$29.99
ISIT312 Big Data Management
Exercise-5
SQL for Data Warehousing and still more of Hive
In this exercise, you will learn how to use Hive HQL extensions for Data Warehousing. A laboratory
includes application of SELECT statement with GROUP BY clause, advanced features of GROUP
BY clause (ROLLUP, CUBE, GROUPING SETS), windowing and analytics functions.
Be careful when copying the Linux commands in this document to your working Terminal, because
it is error-prone. Maybe you should type those commands by yourself.
Prologue
Login to your system and start VirtualBox.
When ready start a virtual machine ISIT312-BigDataVM-07-SEP-2020.
(1) How to start Hadoop, Hive Server 2, beeline or SQL Developer ?
Open a new Terminal window and start Hadoop in the following way.
$HADOOP_HOME/sbin/.start-all.sh
When ready minimize the Terminal window used to start Hadoop. We shall refer to this window as
to "Hadoop window" and we shall use it later on.
When ready navigate to a folder where you plan to keep your HQL scripts from this lab (you may
have to create such folder now) and start Hive Server 2 in the following way.
To start Hive’s metastore service, open a Terminal window, type:
$HIVE_HOME/bin/hive --service metastore
A message shows that metastore is up and running:
SLF4J: Actual binding is of type
[org.apache.logging.slf4j.Log4jLoggerFactory]
To start hiveserver2, open another Terminal window and type:
$HIVE_HOME/bin/hiveserver2
The same message shows that hiveserver2 is up and running.

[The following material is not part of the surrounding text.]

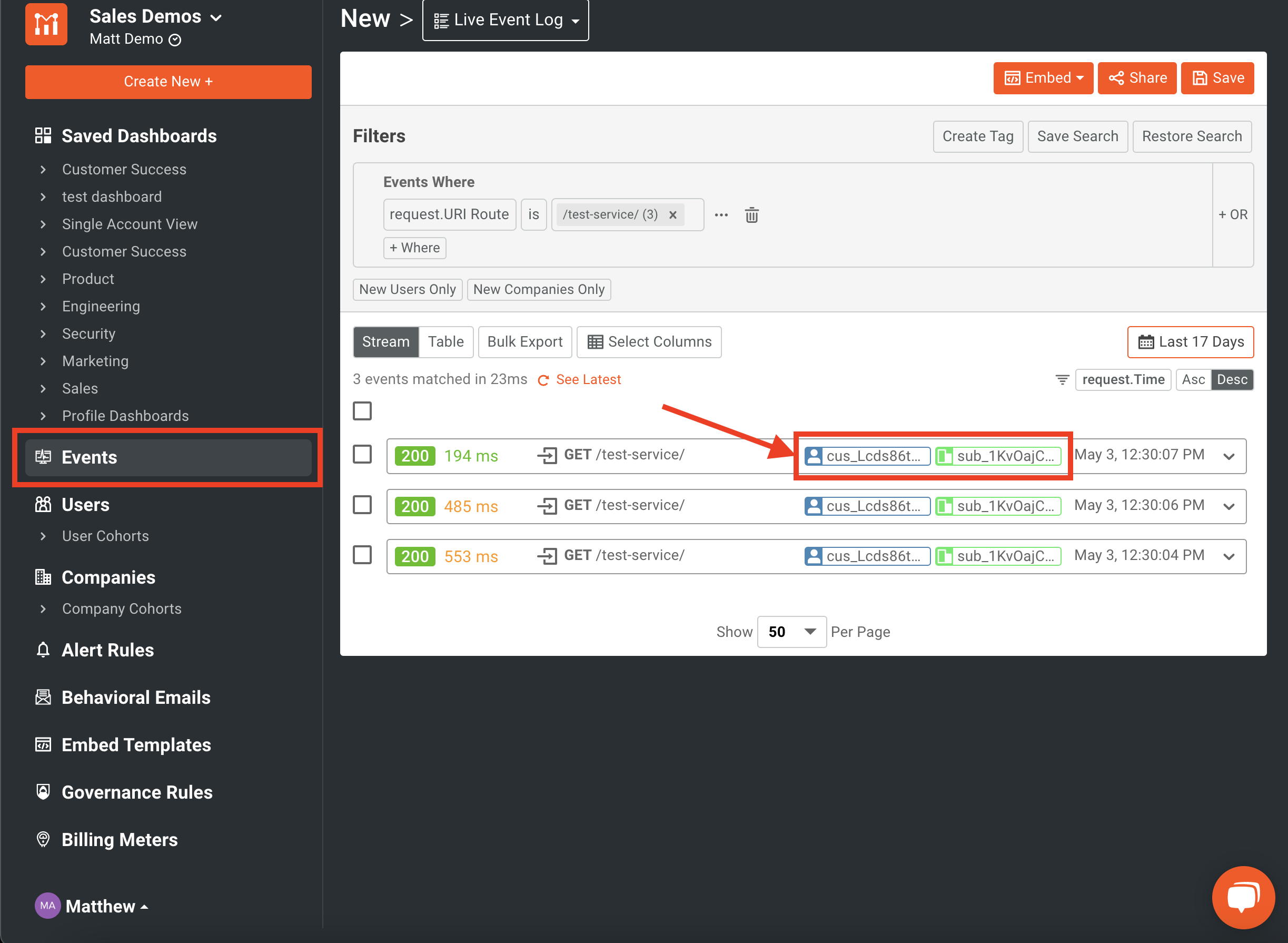 Moesif Events Customer and Company Detail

[IMPORTANT] Don’t use Zeppelin to run the above two commands, because the %sh interpreter
has a timeout threshold.
You can use Hive’s own interface to interact with Hive. Open another new Terminal window and
process the following command.
$HIVE_HOME/bin/beeline
Process the following command in front of beeline> prompt.
!connect jdbc:hive2://localhost:10000
The statement connects you through JDBC interface to Hive 2 server running on a localhost
and listening to a port 10000.
Press Enter when prompted about user name. Press Enter when prompted about password. The
system should reply with a prompt
0: jdbc:hive2://localhost:10000>
To find what databases are available process the following command.
show databases;
At the moment only default database is available. We shall create new databases in the future.
To find what tables have been created so far process a statement
show tables;
If you plan to use SQL Developer then leftclick at SQL Developer Icon at the top of task bar. Then
rightclick at hive connection icon, pick "Connection" option from a menu, enter any user name and
password and leftclick at OK button.
We shall use a default database for Hive tables created in this laboratory exercise.
(2) How to create and how to load data into an internal table ?
We shall use default database for Hive table created, loaded, and used in this laboratory exercise.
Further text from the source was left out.